Un Américain de 29 ans a passé près de six jours en prison à cause d’une erreur d’un logiciel de reconnaissance faciale… et l’enchaînement de mauvaises décisions qui en a découlé.

L’IA responsable d’une erreur judiciaire ? Si l’histoire n’est pas allée jusqu’au procès, elle a tout de même été synonyme pour Randal Reid, un Américain vivant en Géorgie, d’une semaine de prison. Cet après-midi-là, raconte le jeune homme de 29 ans à nos confrères du New York Times, celui qui est analyste des transports roule au volant de sa Jeep blanche, direction l’appartement de sa mère, le lendemain de Thanksgiving. Jusqu’ici, rien d’anormal : il estime rouler sans excès, « sans rien faire de fou », se remémore-t-il. C’est à ce moment-là qu’il est arrêté pour ce qu’il pense être un simple contrôle routier. 

Incapable de fournir son permis de conduire oublié à son domicile, le presque trentenaire se retrouve quelques minutes plus tard menotté et embarqué dans une voiture de police. Car lorsque l’agent fait une recherche rapide sur l’immatriculation du véhicule, il tombe sur deux mandats d’arrêt et pense avoir affaire à un fugitif.  

Une erreur du logiciel de reconnaissance faciale

« Pourquoi m’emmène-t-on ? Que me reproche-t-on ? », demande Randal Reid. Face à ces questions, la police lui explique simplement qu’il y a deux mandats d’arrêt contre lui pour des faits commis en Louisiane. Problème : il n’est jamais allé dans cet État situé à plus de 700 km d’Atlanta. Ses parents engagent des avocats, dépensent des milliers de dollars et remuent ciel et terre pour tenter de sortir leur fils de cette situation rocambolesque. Ce dernier ne saura les causes de son mandat d’arrêt que des jours après avoir été arrêté. On l’accuse d’avoir utilisé des cartes de crédit volées pour acheter des sacs à main de marque. 
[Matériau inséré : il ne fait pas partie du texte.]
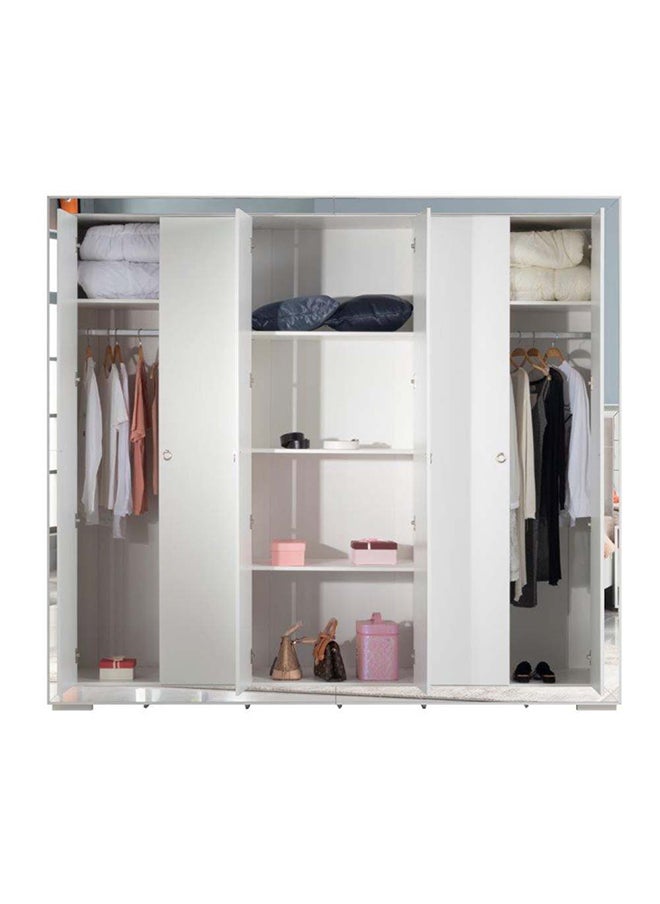 DANUBE HOME Ezekiel Wardrobe Cabinet Modern 6-Door Closet Clothes Storage Organizer For Bedroom White/Silver 244.5x61.5x200 cm  - Image 4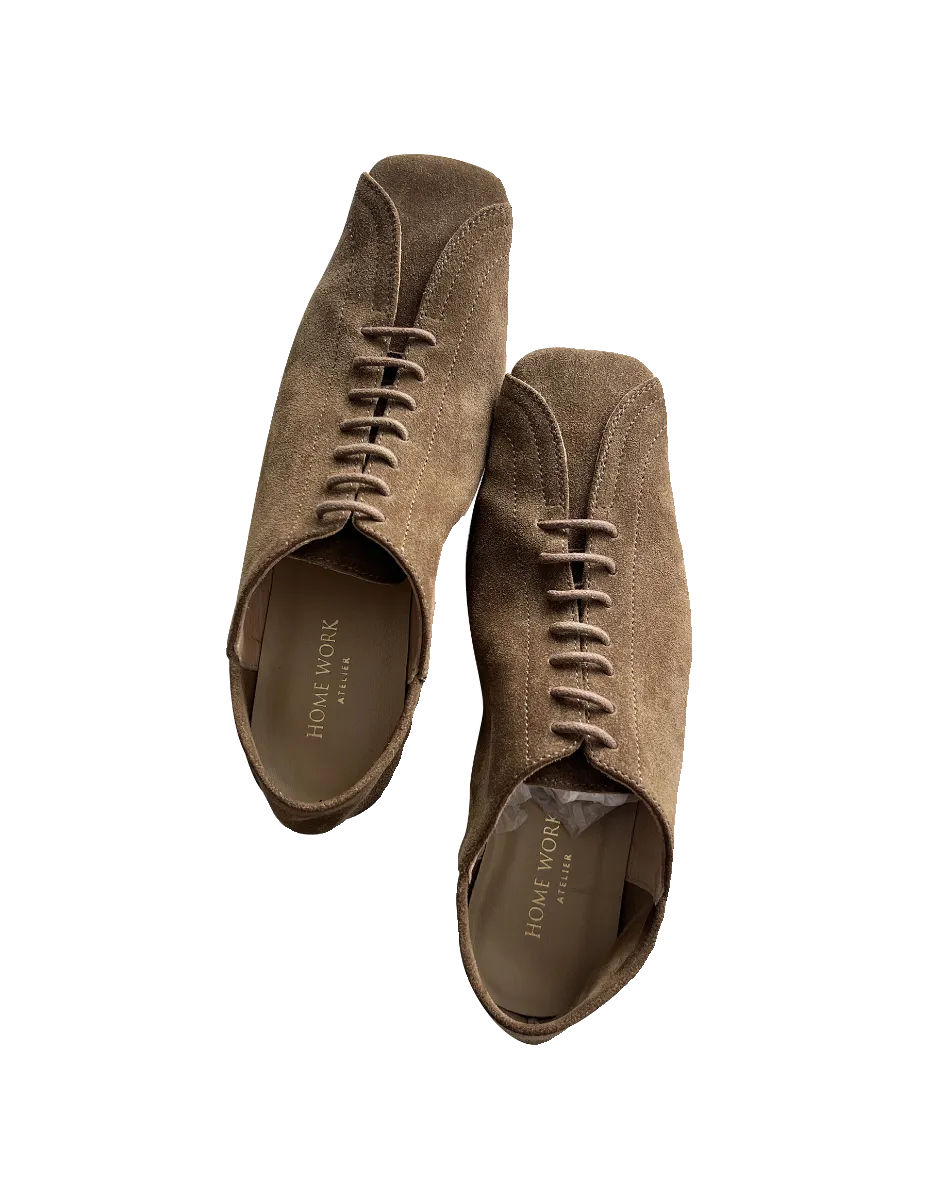 Retro Square Toe Lace-Up Shoes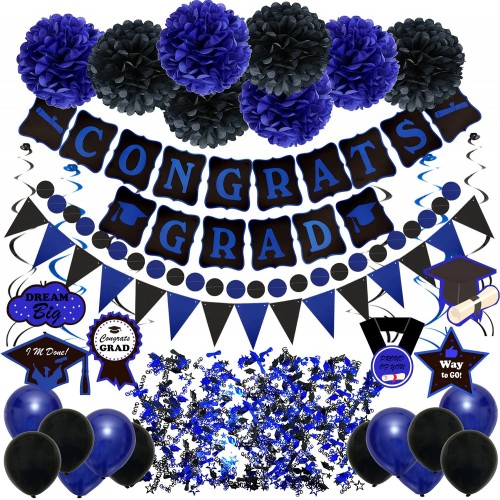 ZERODECO Graduation Decorations Black and Blue Congrats Grad Banner Paper Pompoms Hanging Swirls Graduation Confetti Paper Garland Party Balloons for Party Decoration Supplies
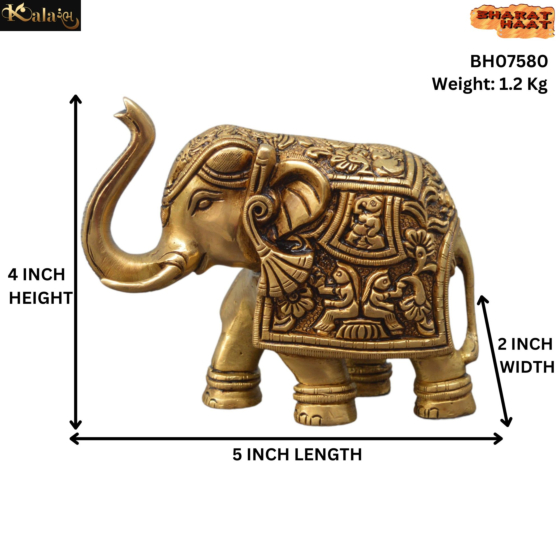 Brass Elephant, Handcrafted Decorative Figurine KBH07580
Et il faudra six jours pour que la police finisse par comprendre que le presque trentenaire ressemblait terriblement à un suspect filmé par une caméra de surveillance. Et que son arrestation est le résultat de plusieurs erreurs, à commencer par la première, commise par… un logiciel de reconnaissance faciale. Car c’est bien une IA qui l’a identifié, à tort, sur les vidéos de surveillance. Deuxième problème : cette identification par l’IA n’est pas mentionnée dans les documents officiels de police. Non, à la place, on peut lire que le suspect a été identifié grâce à une « source crédible » par l’agent en charge de l’affaire. 

Le jeune homme mis hors de cause parce que le suspect a de plus gros bras que lui

Le quiproquo est découvert par l’avocat de Louisiane embauché par les parents du jeune homme. Lorsque ce dernier apprend que son client est accusé d’avoir volé deux sacs à main Chanel et un sac Louis Vuitton marron, d’une valeur totale de près de 13 000 dollars, le professionnel se rend sur place, là où les vols ont eu lieu. C’est à ce moment-là que le gérant lui montre une vidéo surveillance, et qu’il se rend compte qu’un des suspects ressemble beaucoup à son client.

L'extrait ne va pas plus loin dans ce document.